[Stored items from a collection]
□ □ □

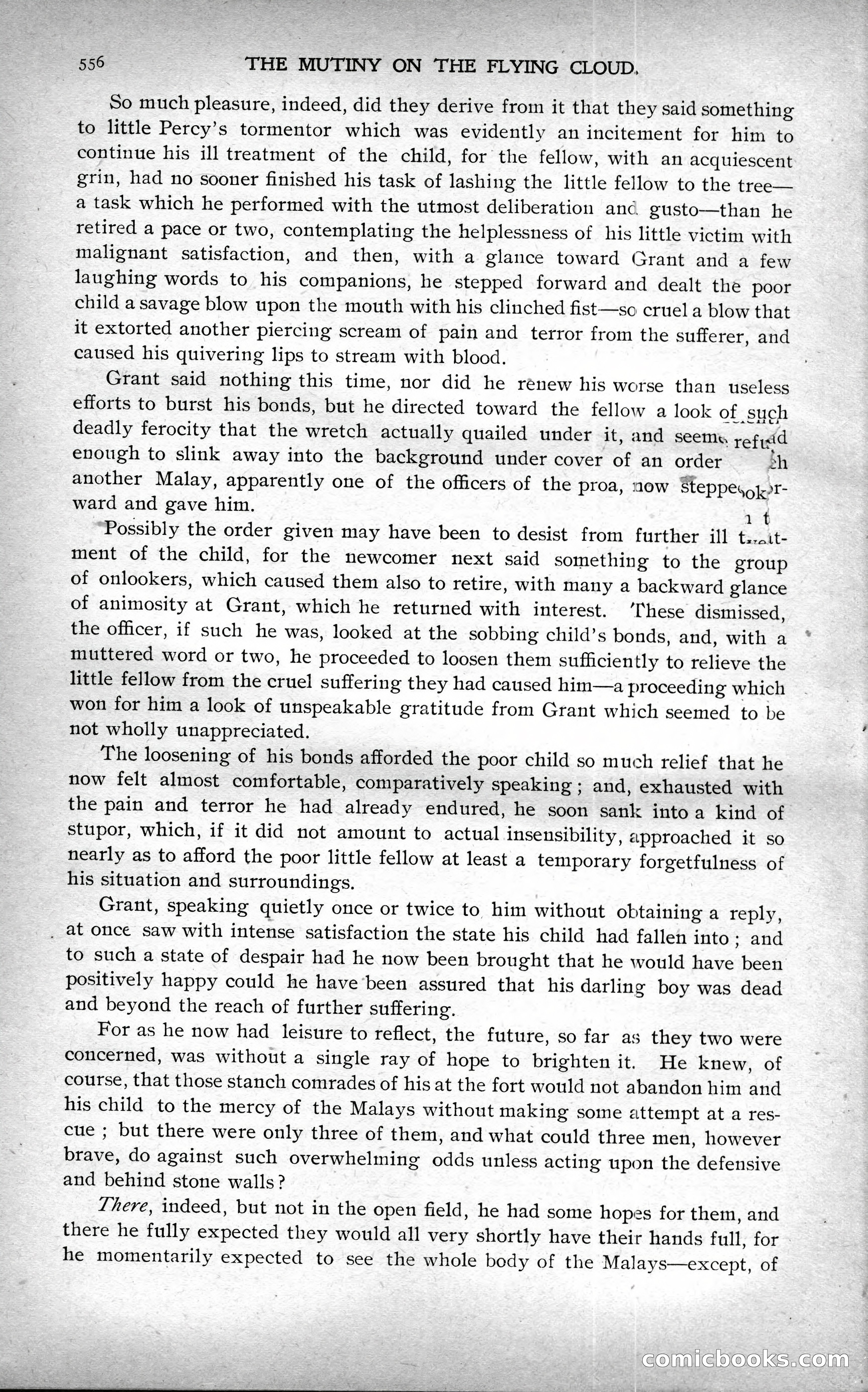 The Argosy, Vol. XXIV, No. 3 — page 172 of 200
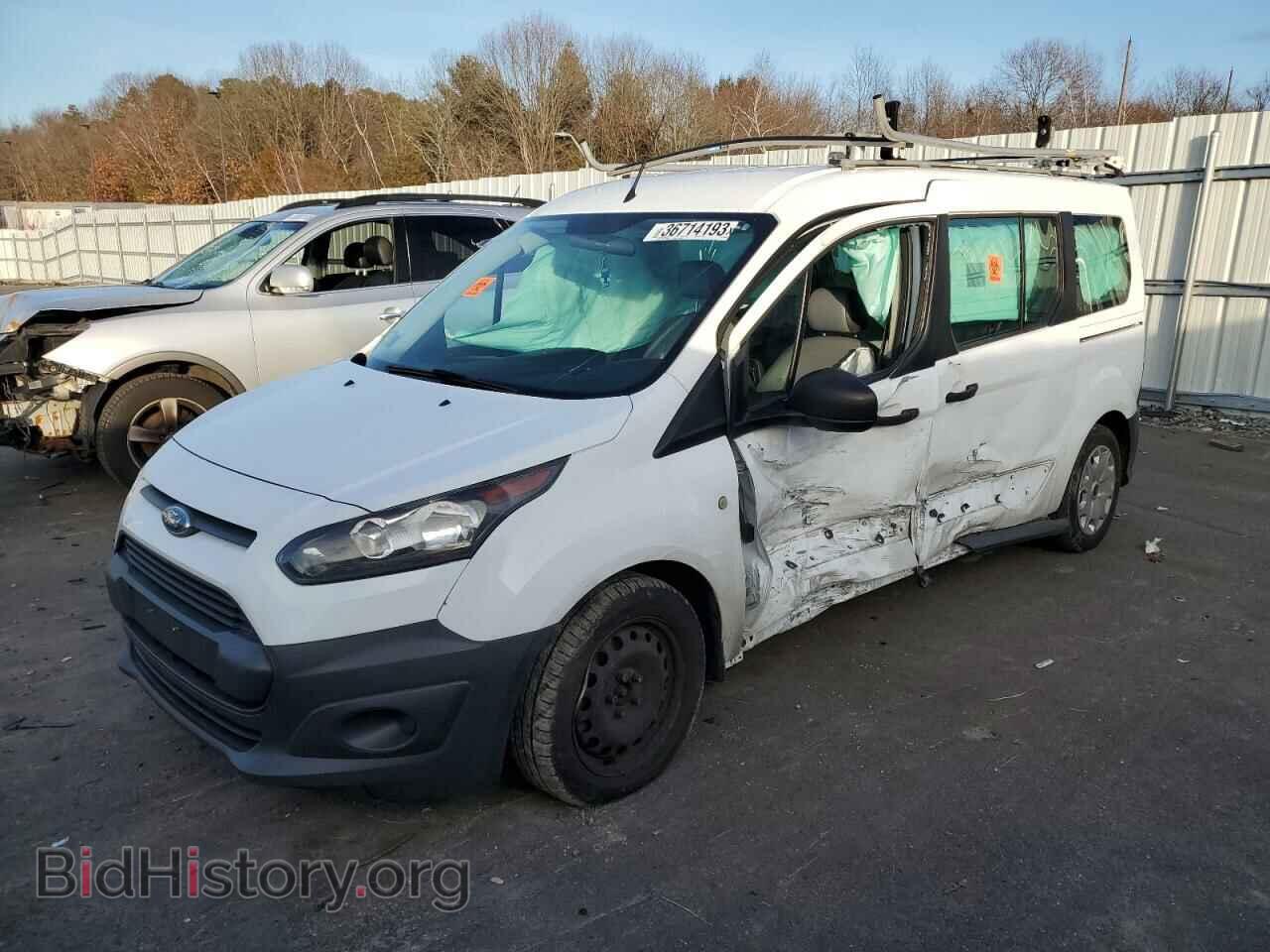 Фотография NM0GS9E79F1223690 - FORD TRANSIT 2015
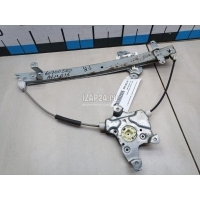 Стеклоподъемник электр. передний правый Nissan Almera (G15) (2013 - 2018) 80720EW000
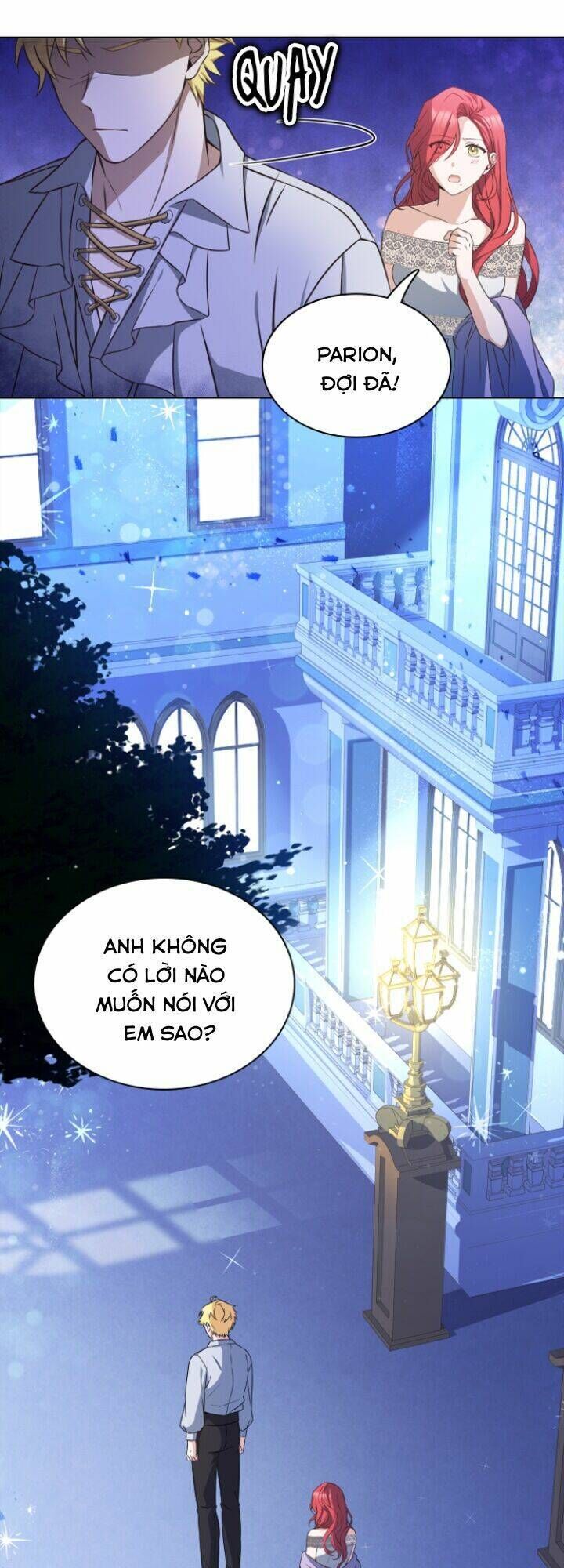 một đêm với hoàng đế chapter 29 - Next chapter 30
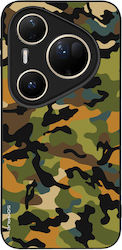 Sonique Case Camouflage Army Series Huawei Pura...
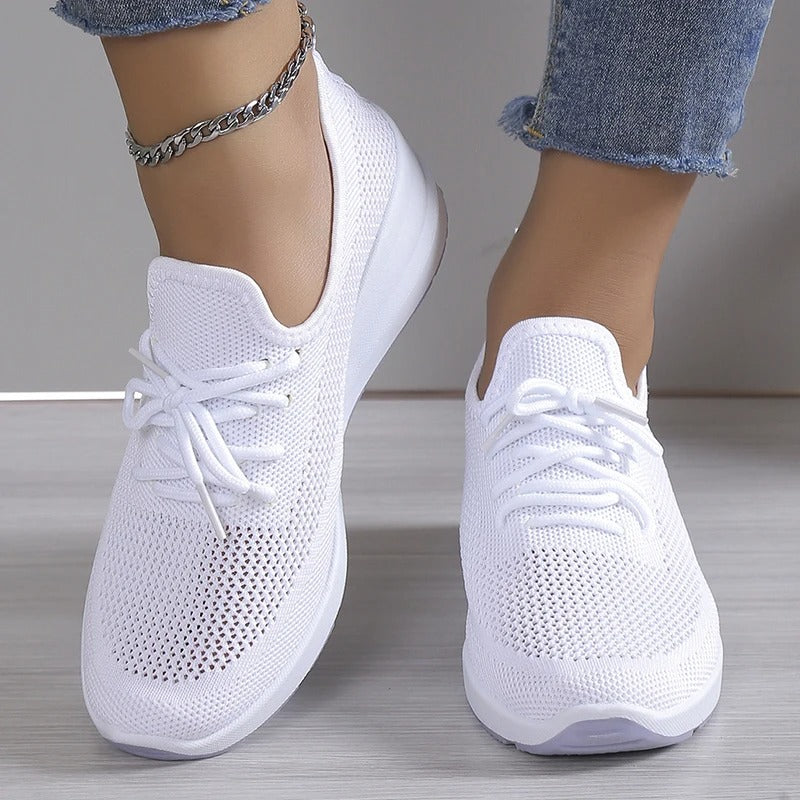 Mila - Comfort + Orthopedic Sneakers-15543781785973-Nancy & Mae Savannah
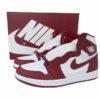 AJ 1 Retro High OG ‘Artisanal Red’ DZ5485-160 AJ 1 Retro High OG ‘Artisanal Red’ DZ5485-160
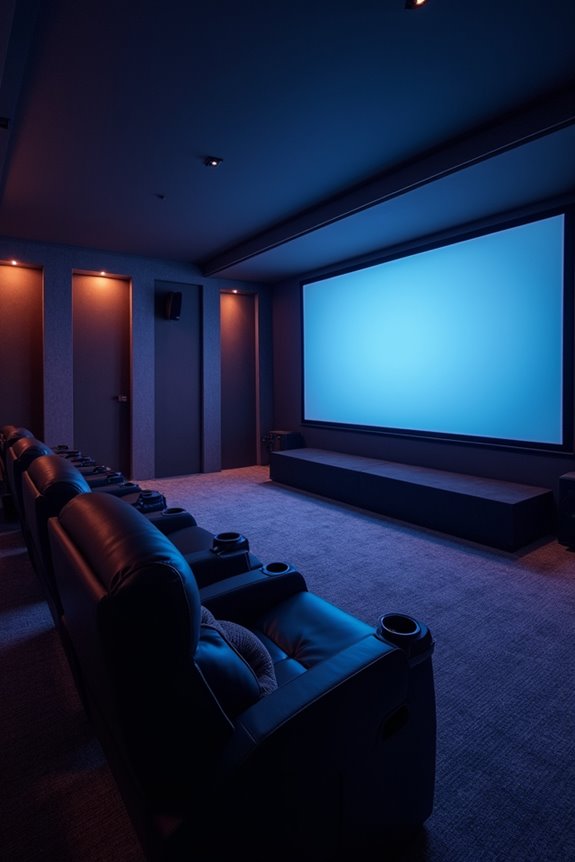 best wireless projector screens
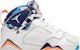 (Akademik) Air Jordan 7 Retro 'Chlorine Blue' Khas untuk Kanak-Kanak. 442960-100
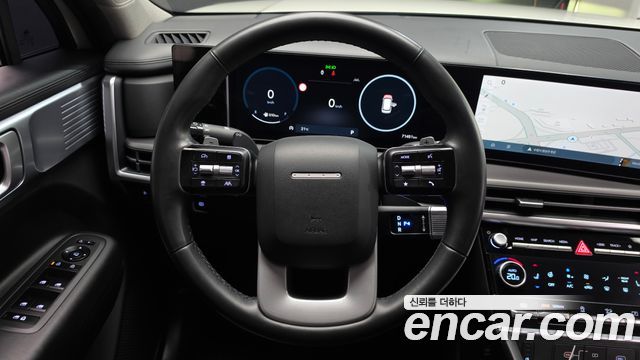Hyundai Santafe 2024 — photo 12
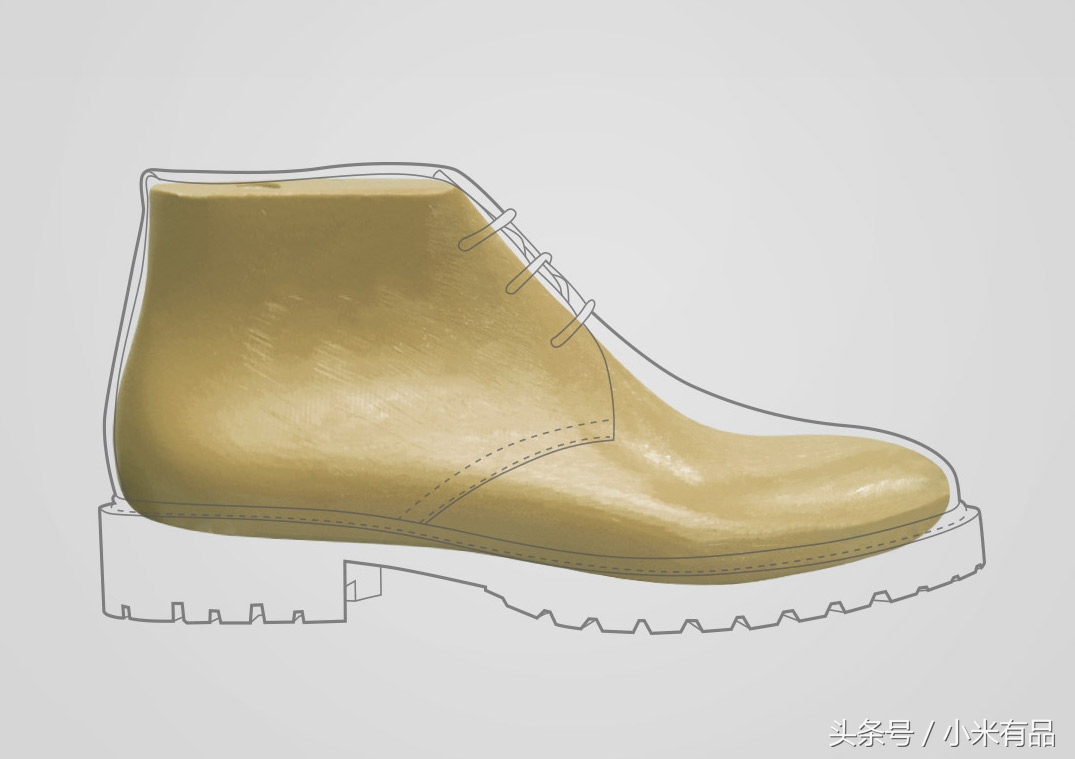 男士冬季福利！软牛皮加绒短靴，专为国人脚型而打造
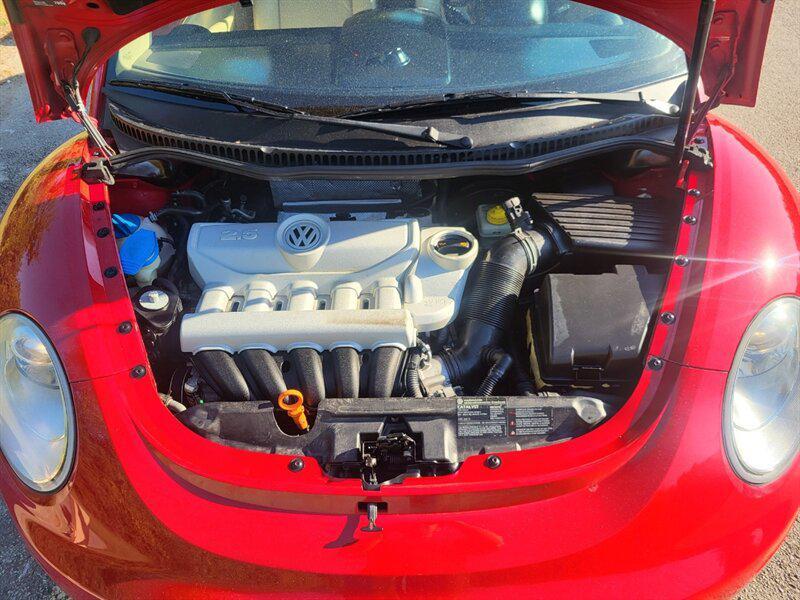 used 2008 Volkswagen New Beetle car, priced at $5,995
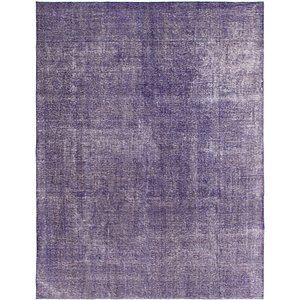 Unique Loom 9' 8 x 12' 6 Ultra Vintage Persian Rug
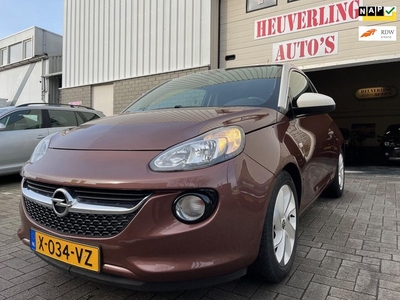 Opel ADAM 1.2 AIRCO APK T/M 31-3-2025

□ □ □

■ WHAT YOU WILL DO
Set down, exactly as written above, each line from the one with "Sonique Case Camouflage" through the one with "男士冬季福利！软牛皮加绒短靴，专为国人脚型而打造", and skip the pictures.

■ RESULT FOR THIS EXERCISE
 Sonique Case Camouflage Army Series Huawei Pura...
 Mila - Comfort + Orthopedic Sneakers-15543781785973-Nancy & Mae Savannah
 AJ 1 Retro High OG ‘Artisanal Red’ DZ5485-160 AJ 1 Retro High OG ‘Artisanal Red’ DZ5485-160
 best wireless projector screens
 (Akademik) Air Jordan 7 Retro 'Chlorine Blue' Khas untuk Kanak-Kanak. 442960-100
Hyundai Santafe 2024 — photo 12
 男士冬季福利！软牛皮加绒短靴，专为国人脚型而打造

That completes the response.